Plato and Aristotle - but it would seem Aristotle even more, from the overall vibes I get from these writers - identify the human form and essence (are these the same thing?) as the rational or intellectual capacity, the ability to think in terms of universals or concepts (are these the same thing?). Plato would speak in terms of the proper ordering of the human soul with the rational part in charge, which goes quite a way in its own right to get the program just right, while Aristotle makes the perfection of the rational part, that very essence of man, the ultimate normative standard by which to characterize a flourishing life. So if philosophers are really into the whole "perfecting the rational part of us" idea, why wouldn't that make them specifically Aristotelians as well? In ethics, to be an Aristotelian is to endorse the idea, in some fashion or other, that the good life, the most perfect life attainable to us, is defined ultimately by reference to how we use our specifically rational activity. (Not coincidentally, this is the faculty under direct control and review by human agents themselves; this is the phenomenon referred to as free will.)
Ayn Rand, who was rather quite comfortable with referring to herself as an Aristotelian, while dismissing almost wholesale the rest of the history of philosophy (Aquinas being a rare, standout exception), put this idea in the following terms:
Man has a single basic choice: to think or not, and that is the gauge of his virtue.
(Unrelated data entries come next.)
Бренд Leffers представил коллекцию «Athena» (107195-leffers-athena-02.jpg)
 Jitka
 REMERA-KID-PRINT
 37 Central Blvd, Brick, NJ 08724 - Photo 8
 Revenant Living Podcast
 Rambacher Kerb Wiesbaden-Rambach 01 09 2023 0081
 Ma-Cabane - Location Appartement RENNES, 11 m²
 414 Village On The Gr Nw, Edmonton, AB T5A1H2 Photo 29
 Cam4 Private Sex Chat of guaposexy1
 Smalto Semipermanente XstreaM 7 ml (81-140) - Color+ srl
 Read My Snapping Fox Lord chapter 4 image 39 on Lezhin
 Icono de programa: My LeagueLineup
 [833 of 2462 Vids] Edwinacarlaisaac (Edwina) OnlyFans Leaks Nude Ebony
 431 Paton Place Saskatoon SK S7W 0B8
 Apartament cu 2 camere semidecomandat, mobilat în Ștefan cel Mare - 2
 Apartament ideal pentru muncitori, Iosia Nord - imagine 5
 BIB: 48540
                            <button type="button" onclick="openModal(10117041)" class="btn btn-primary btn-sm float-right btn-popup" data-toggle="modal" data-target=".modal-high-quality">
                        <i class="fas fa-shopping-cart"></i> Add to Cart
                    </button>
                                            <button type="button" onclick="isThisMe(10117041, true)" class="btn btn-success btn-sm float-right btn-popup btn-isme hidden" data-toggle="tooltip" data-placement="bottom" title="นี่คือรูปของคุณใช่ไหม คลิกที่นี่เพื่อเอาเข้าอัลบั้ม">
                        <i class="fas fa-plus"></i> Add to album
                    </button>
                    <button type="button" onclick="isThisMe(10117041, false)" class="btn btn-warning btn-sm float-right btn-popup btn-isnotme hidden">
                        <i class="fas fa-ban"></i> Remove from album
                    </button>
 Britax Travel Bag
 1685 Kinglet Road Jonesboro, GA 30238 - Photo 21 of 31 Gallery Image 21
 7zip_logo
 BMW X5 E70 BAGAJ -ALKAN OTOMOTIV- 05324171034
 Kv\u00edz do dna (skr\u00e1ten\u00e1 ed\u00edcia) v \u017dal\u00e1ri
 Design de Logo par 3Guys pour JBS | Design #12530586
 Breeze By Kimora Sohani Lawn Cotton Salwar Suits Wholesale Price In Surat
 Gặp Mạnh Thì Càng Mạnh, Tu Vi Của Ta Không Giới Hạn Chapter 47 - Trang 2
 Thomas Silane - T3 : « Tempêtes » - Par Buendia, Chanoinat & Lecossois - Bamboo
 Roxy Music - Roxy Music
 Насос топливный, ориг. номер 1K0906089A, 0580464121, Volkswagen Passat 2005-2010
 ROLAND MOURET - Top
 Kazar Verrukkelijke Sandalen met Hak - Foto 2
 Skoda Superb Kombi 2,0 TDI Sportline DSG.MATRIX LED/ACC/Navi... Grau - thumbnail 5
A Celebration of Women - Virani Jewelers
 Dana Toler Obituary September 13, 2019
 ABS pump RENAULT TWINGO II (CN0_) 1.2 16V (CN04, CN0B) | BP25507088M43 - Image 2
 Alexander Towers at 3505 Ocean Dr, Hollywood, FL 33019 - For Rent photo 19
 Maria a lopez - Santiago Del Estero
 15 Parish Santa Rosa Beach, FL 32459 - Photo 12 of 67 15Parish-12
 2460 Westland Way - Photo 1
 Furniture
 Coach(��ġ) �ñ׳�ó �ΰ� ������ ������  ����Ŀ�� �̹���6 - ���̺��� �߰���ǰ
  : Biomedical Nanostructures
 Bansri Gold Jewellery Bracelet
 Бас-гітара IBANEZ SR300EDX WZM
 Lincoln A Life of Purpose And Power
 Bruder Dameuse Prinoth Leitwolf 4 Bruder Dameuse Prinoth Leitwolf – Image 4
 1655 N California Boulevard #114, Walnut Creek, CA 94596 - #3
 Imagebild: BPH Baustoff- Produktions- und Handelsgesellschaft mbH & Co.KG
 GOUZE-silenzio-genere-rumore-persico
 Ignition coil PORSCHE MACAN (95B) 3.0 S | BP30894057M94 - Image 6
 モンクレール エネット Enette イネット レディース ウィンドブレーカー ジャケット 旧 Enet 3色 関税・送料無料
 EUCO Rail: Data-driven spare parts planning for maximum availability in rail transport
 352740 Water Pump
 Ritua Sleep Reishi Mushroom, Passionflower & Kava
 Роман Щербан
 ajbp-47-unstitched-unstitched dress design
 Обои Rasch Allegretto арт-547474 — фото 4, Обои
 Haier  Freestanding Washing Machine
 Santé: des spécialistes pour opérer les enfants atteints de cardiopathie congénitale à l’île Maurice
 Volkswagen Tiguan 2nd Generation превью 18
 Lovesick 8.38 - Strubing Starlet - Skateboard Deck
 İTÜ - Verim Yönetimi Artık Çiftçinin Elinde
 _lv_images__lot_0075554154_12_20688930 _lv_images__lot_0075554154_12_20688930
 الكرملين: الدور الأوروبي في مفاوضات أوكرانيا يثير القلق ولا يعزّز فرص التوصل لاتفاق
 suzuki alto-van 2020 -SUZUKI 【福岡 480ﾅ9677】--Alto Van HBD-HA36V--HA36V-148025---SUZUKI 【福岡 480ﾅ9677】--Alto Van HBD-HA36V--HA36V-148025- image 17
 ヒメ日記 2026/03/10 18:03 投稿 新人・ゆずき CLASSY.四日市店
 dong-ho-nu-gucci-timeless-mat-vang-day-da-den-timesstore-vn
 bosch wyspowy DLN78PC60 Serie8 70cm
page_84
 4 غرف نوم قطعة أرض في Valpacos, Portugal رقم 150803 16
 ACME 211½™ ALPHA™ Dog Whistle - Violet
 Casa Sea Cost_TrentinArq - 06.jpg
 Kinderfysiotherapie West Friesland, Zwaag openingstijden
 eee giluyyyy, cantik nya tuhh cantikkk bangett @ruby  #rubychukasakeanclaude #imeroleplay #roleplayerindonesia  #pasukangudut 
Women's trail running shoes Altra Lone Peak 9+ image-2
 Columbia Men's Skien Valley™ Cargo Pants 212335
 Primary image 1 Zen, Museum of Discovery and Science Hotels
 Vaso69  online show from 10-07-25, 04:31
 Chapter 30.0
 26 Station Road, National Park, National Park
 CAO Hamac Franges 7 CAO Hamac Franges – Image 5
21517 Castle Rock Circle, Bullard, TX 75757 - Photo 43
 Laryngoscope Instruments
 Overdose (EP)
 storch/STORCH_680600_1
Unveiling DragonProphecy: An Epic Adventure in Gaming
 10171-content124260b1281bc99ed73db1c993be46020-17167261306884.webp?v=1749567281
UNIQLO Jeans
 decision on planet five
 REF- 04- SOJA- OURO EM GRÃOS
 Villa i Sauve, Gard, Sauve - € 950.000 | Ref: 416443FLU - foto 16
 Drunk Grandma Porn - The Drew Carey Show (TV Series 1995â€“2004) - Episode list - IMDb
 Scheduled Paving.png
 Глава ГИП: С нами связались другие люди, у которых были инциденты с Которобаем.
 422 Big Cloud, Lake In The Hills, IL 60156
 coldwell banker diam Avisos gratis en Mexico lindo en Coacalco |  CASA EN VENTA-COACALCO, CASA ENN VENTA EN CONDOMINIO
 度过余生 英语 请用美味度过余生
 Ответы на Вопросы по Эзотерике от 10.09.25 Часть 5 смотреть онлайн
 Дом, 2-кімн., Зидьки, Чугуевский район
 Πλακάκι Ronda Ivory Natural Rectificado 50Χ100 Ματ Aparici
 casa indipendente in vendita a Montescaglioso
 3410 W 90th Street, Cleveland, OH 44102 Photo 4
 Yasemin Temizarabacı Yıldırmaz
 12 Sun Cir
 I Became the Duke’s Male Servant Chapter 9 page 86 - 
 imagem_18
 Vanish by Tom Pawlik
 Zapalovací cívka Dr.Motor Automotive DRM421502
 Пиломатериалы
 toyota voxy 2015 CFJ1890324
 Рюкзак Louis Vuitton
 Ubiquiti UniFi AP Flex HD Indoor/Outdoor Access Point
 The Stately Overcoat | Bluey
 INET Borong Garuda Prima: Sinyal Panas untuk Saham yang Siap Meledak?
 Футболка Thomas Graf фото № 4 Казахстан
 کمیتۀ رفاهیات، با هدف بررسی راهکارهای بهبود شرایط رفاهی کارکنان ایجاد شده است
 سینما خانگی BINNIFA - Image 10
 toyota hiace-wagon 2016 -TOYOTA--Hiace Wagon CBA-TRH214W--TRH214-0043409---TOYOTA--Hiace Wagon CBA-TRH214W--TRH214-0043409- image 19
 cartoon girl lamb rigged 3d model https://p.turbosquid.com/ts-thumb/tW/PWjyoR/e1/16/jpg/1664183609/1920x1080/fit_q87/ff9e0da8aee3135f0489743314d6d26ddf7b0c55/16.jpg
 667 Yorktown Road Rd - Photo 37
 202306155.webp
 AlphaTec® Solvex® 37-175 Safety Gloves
Moral perfection is an unbreached rationality—not the degree of your intelligence, but the full and relentless use of your mind, not the extent of your knowledge, but the acceptance of reason as an absolute.
This looks like a statement that every philosopher could, would, and should endorse. But how would it not make them Aristotelians (and, if they do their homework, Randians), all of them? Kantian and utilitarian ethics don't seem to express this idea in a clear-cut way - certainly not the utilitarian one, which focuses our attention upon to good experiences as the primary criterion of the good, while Kant does home in on our rational/intellectual agency as ethically fundamental and meriting respect, and states that the only thing good without qualification is a good will, but how about the Aristotelian idea that our most ethically perfect and most flourishing life (are these the same thing?) must contain in every activity some form or other of intellectual perfection. Isn't perfecting our intellectual capacity the best way we could express and enact our good/better/best wills, in any case? Good intentions are nice, but what if we perfect the science of improving people's lives through the perfection of our epistemological (volitional-cognitive) practices, then how much more fruitful would our intentions be? And how about if we take a giant leap for mankind in that process by spreading philosophical learning far and wide, including for children? And this education, pursued with optimal rigor, will lead to Aristotelian intellectual perfectionism as the most basic normative principle for living, correct?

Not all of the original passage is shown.